| Extracted information |
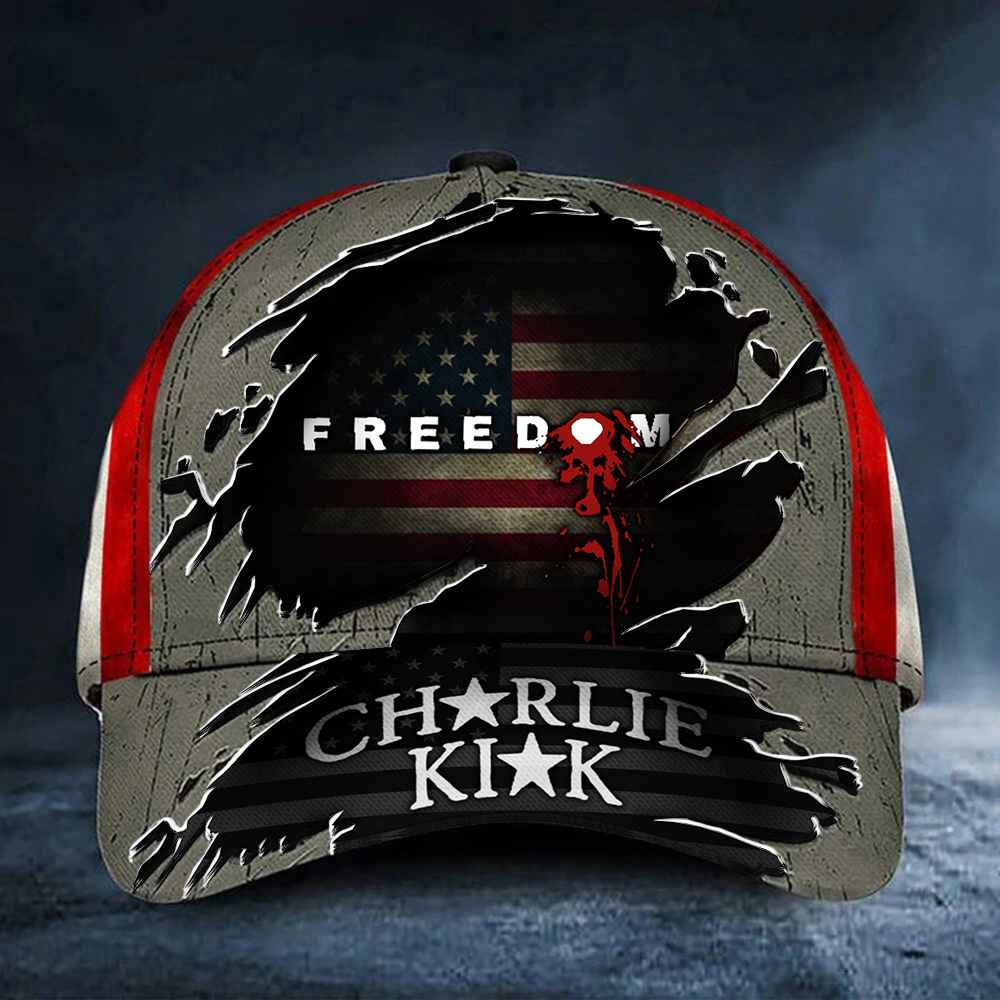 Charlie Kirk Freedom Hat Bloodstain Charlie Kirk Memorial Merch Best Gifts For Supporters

---

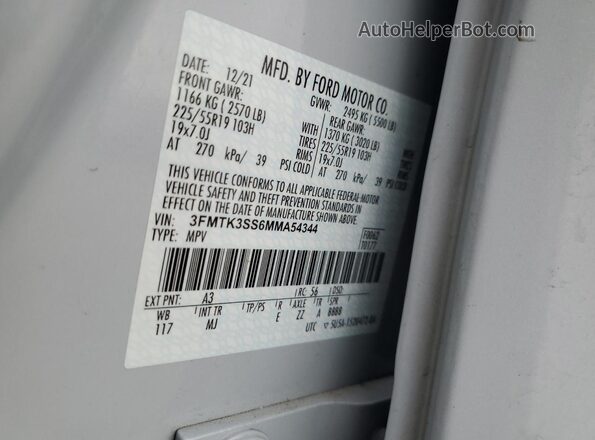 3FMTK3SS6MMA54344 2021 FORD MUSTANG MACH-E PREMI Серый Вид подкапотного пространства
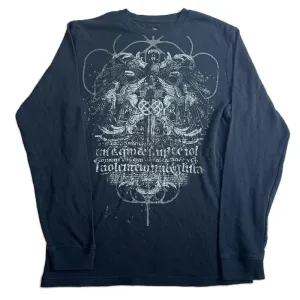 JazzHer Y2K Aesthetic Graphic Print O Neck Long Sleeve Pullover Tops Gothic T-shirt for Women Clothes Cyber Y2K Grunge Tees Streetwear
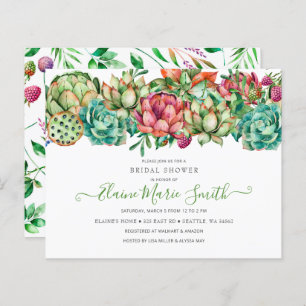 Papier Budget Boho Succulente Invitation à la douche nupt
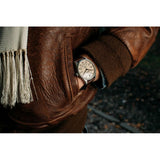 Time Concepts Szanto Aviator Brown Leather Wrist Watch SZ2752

==

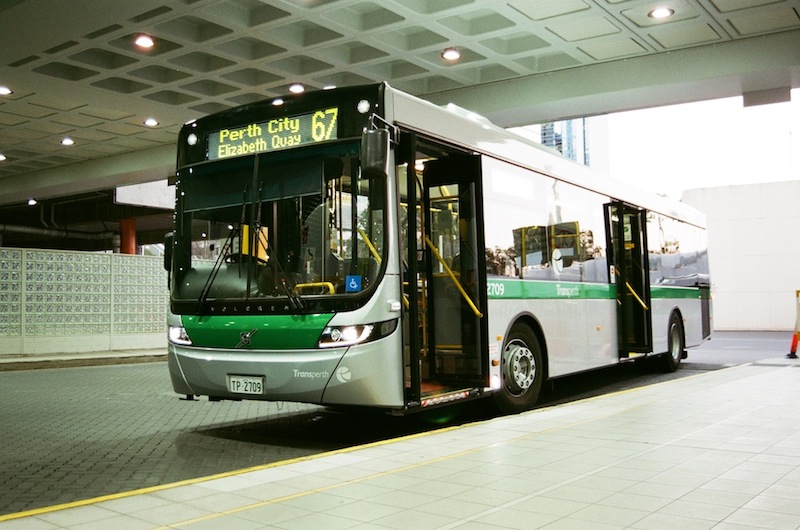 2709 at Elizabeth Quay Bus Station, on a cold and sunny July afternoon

| Task details |
From the line with "3FMTK3SS6MMA54344 2021 FORD" up to and including the line with "Time Concepts Szanto" above, retype every line exactly and nothing more; leave out the pictures.

| Answer section |
 3FMTK3SS6MMA54344 2021 FORD MUSTANG MACH-E PREMI Серый Вид подкапотного пространства
 JazzHer Y2K Aesthetic Graphic Print O Neck Long Sleeve Pullover Tops Gothic T-shirt for Women Clothes Cyber Y2K Grunge Tees Streetwear
 Papier Budget Boho Succulente Invitation à la douche nupt
 Time Concepts Szanto Aviator Brown Leather Wrist Watch SZ2752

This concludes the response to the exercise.